Randomized controlled trials (RCT's) are clearly the gold standard in terms of statistical efficiency for teasing out causal effects. Assume that you really can do an RCT. Why then would you ever want to do anything else?
Answer: There may be important considerations beyond statistical efficiency. Take the famous "scholarship example". (You want to know whether receipt of an academic scholarship causes enhanced academic performance among strong scholarship test performers.) In an RCT approach you're going to give lots of academic scholarships to lots of randomly-selected people, many of whom are not strong performers. That's wasteful. In a regression discontinuity design (RDD) approach ("give scholarships only to strong performers who score above X in the scholarship exam, and compare the performances of students who scored just above and below X"), you don't give any scholarships to weak performers. So it's not wasteful -- but the resulting inference is statistically inefficient.

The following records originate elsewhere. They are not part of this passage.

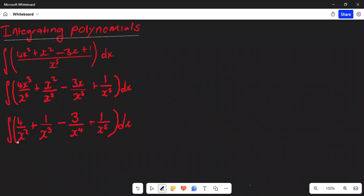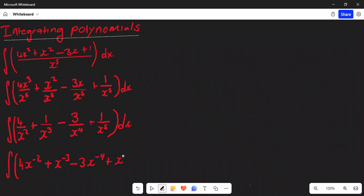Using exponent law again: when you take your denominator to the numerator, the exponent of that denominator changes sign. So we still have four as our coefficient, but now we have x to the power of negative two. The second term becomes x to the power of negative three, then minus three·x to the power of negative four, plus x to the power of negative five. Don't forget the dx. Now we are able to integrate these terms.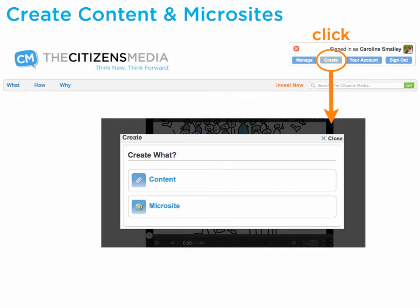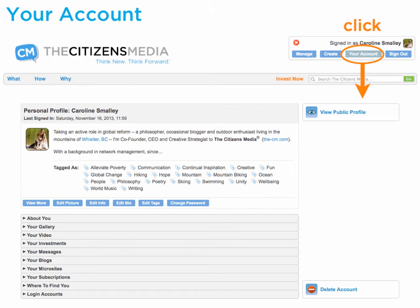To create new content or start a microsite, select create. To access your account, select your account.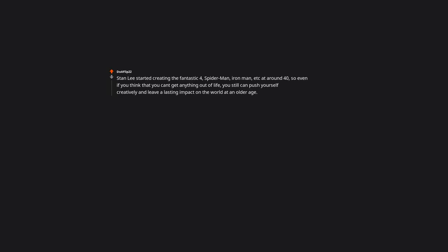Stan Lee started creating the Fantastic Four, Spider-Man, Iron Man, etc. at around 40. Even if you think you can't get anything out of life, you still can push yourself creatively and leave a lasting impact on the world at an older age.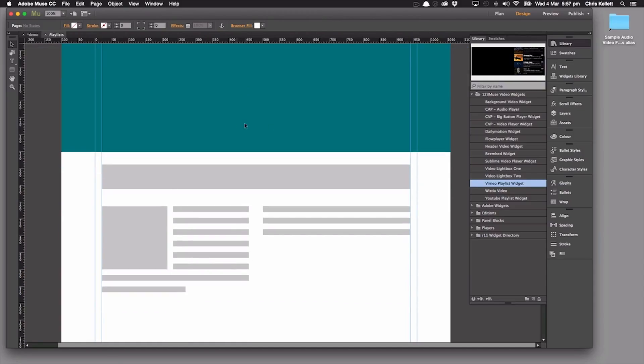Hi there, Chris Callock with 123muse here. Let's take a look at the Vimeo playlist widget that's in the edition 4 downloads.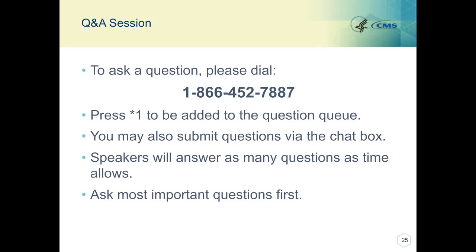The next question: how long do we have to keep the records on file? It was not specified whether this is an ACO question or for audit purposes. If that person wants to specify in the chat, please feel free to do so.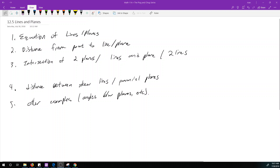Welcome to section 12.5 on lines and planes, which is really one of the harder sections — the first section of the textbook where you actually have to think about what you're doing. For 12.5, I'm going to split this up into five parts, so this video is going to be long.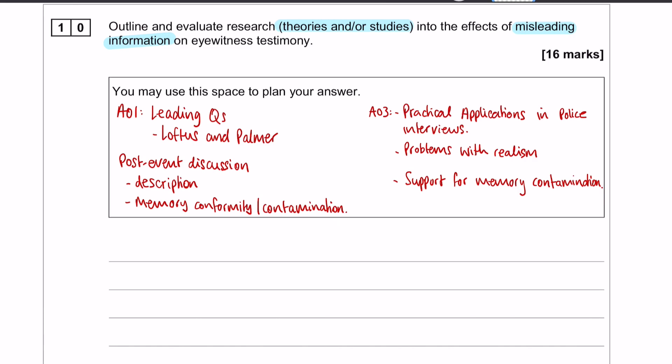In all my other videos on essays, I keep saying you don't need four evaluation points to write a good essay. Three is plenty. You might not necessarily get 15, 16, or even 14 out of 16, but you will still get a really good mark. Three evaluation points is a manageable amount to remember. Some people will remember more, some people less - three is a nice amount to have.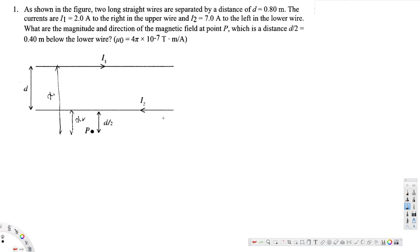Let's look at this problem. The question asks: as shown in the figure, two long straight wires are separated by a distance d = 0.8 meter. The currents are i1 = 2 ampere to the right in the upper wire and i2 = 7 ampere to the left in the lower wire. What are the magnitude and direction of the magnetic field at point P, which is a distance d/2 = 0.4 meter below the lower wire?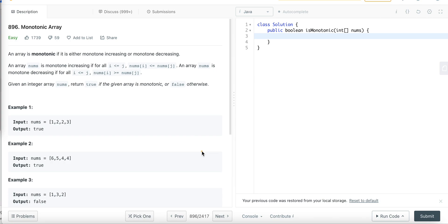Hi everyone, in today's video we are going to solve the problem of Monotonic Array. This is an easy but tricky problem. We will first understand the problem statement, then discuss multiple approaches starting from the brute force approach to the optimized one, and then write the code.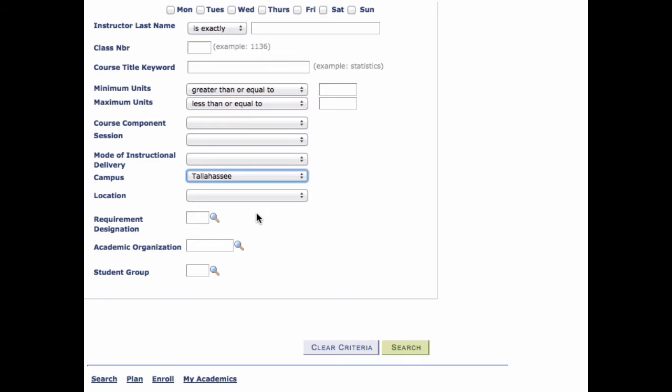Always use campus as a search criterion. If you mistakenly save classes for a campus where you cannot take classes, the system does not allow you to enroll in them.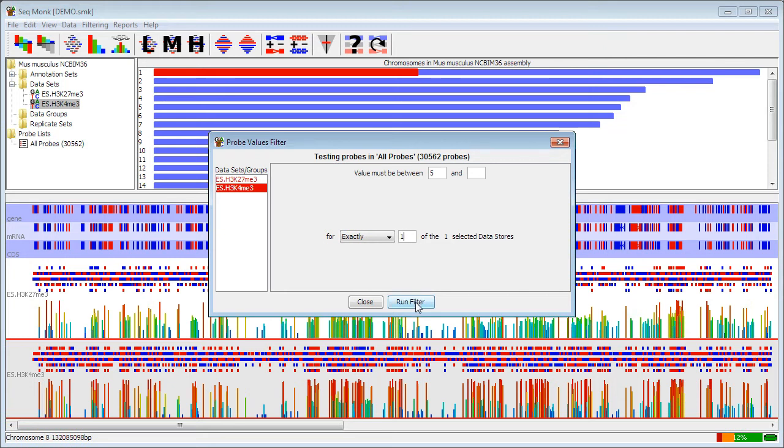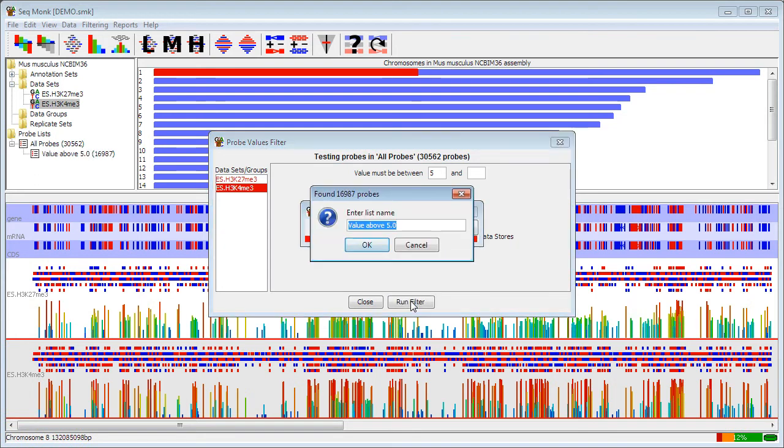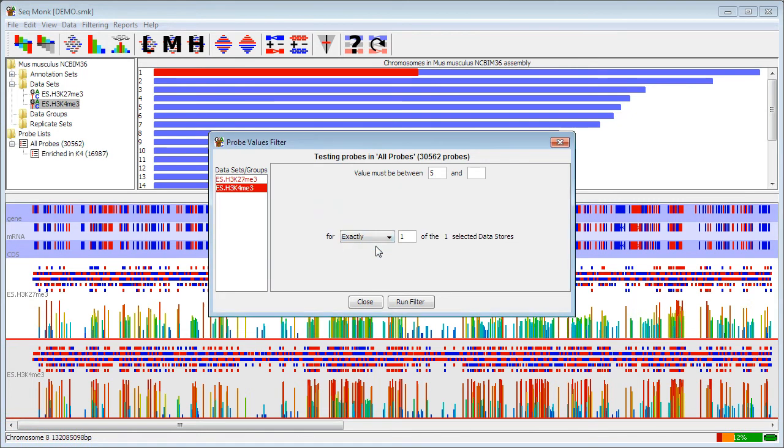You can see in the filter description at the top, it's telling me which probe list I'm starting from, in this case all probes, and how many probes are in there. I run the filter and it says that it's found nearly 17,000 probes. It will automatically make up a name for the list, but I can change that either here or afterwards. If I say OK to this, the box will stay open, but my new list will now appear in my list of probe lists.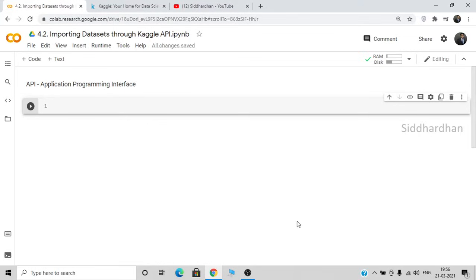Hello everyone, this is Adhartan. In this video I am going to explain how you can import datasets directly from Kaggle to your Google Collaboratory. For this we will be using the Kaggle API — API stands for Application Programming Interface. APIs are software intermediaries that allow two applications to talk to each other to carry out some function, and in this case that function is to share data from Kaggle to our Google Collaboratory.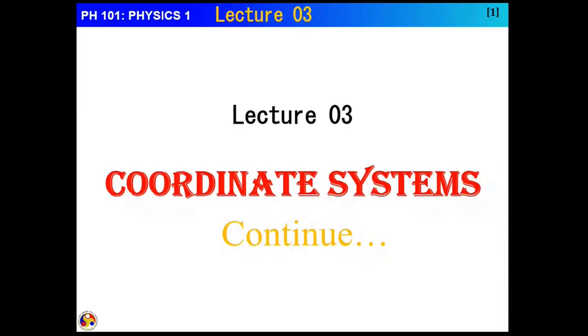Welcome to lecture number 3. In this lecture, we are going to continue on the coordinate system.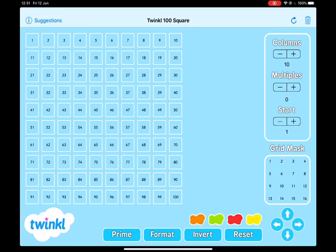Good morning. This morning I'm going to be talking to you about decimals. I've started with a 100 square to help us start to understand what a decimal is. If we take this 100 square and imagine this square as one whole — so the number one — this square from one to 100 is the number one.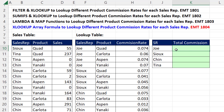Rather than doing the two-way lookup to get the correct commission rate, what we would normally do is add an extra helper column. Then we have our two conditions — Sue, Quad, Tina, Quad — look up the correct commission rate and then multiply it by the sales. But we want a single cell formula here, so we'll simulate that helper column right in the cell.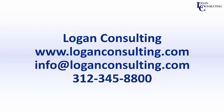For all of your Dynamics Consulting needs, please visit our website at www.loganconsulting.com. Email us at info@loganconsulting.com or call us at 312-345-8800.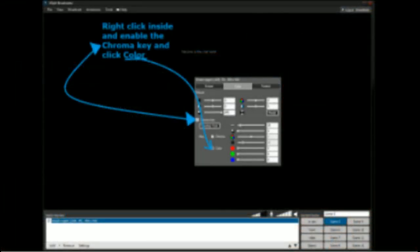Now we have to right click inside that window and click color as you can see on the illustration. And now enable the chroma key and then color.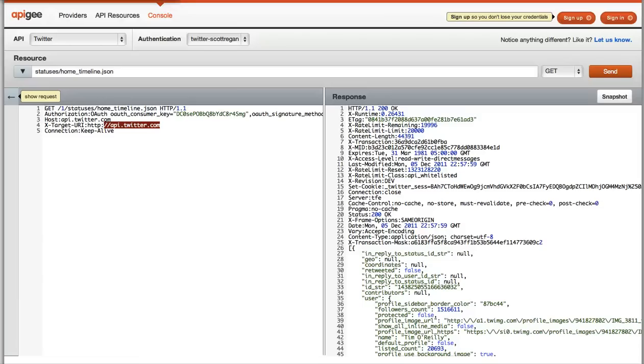So again, these are some new changes. We've limited these changes just for the Twitter console on Apigee.com for the time being. We'd love your feedback on how the new stuff works for you or any improvements you'd like to see,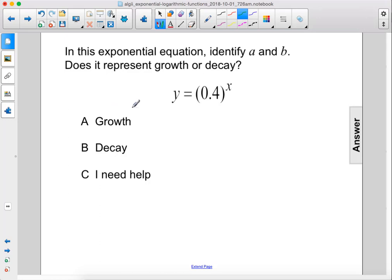In this exponential equation, identify A and B. Does it represent growth or decay?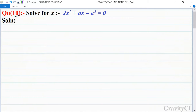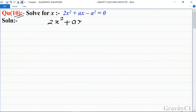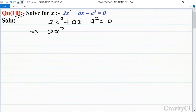Chapter: Quadratic Equations, Question number 10. Solve for x: 2x² + ax - a² = 0. So first write its equation: 2x² + ax - a² = 0, which implies that 2x...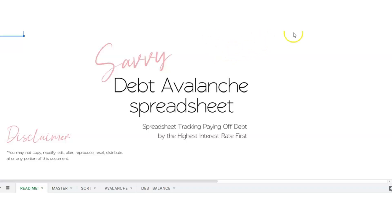Hi there and thank you so much for purchasing my debt avalanche spreadsheet. This spreadsheet helps you track paying off your debts by paying the highest interest rate debts first.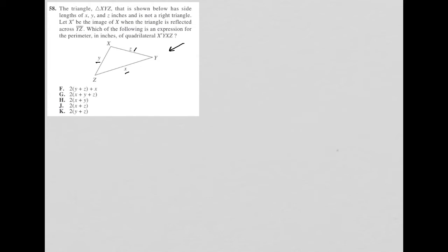Let X prime be the image of X when the triangle is reflected across YZ. So I can say this, if it were reflected across, that makes X prime over here if this were the reflecting line.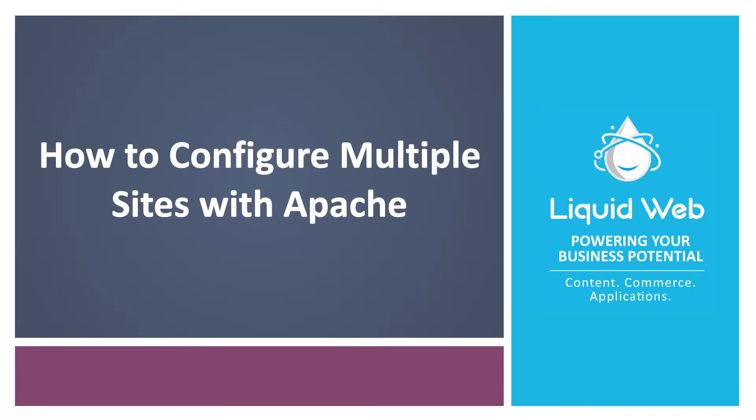Hello, I'm Justin with Liquid Web. Apache makes it possible to host more than one website on the same server.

"Tie breakers" implement a middle ground: Definitely don't give scholarships to bottom performers, definitely do give scholarships to top performers, and randomize for a middle group. So you gain some efficiency relative to pure RDD (but you're a little wasteful), and you're less wasteful than a pure RCT (but you lose some efficiency).
Hence there's an trade-off, and your location on it depends on the size of the your middle group. Owen and Varian characterize the trade-off and show how to optimize the size of the middle group. Really nice, clean, and useful.
[Sorry but I'm running way behind. I saw Hal present this work a few months ago at a fine ECB meeting on predictive modeling.]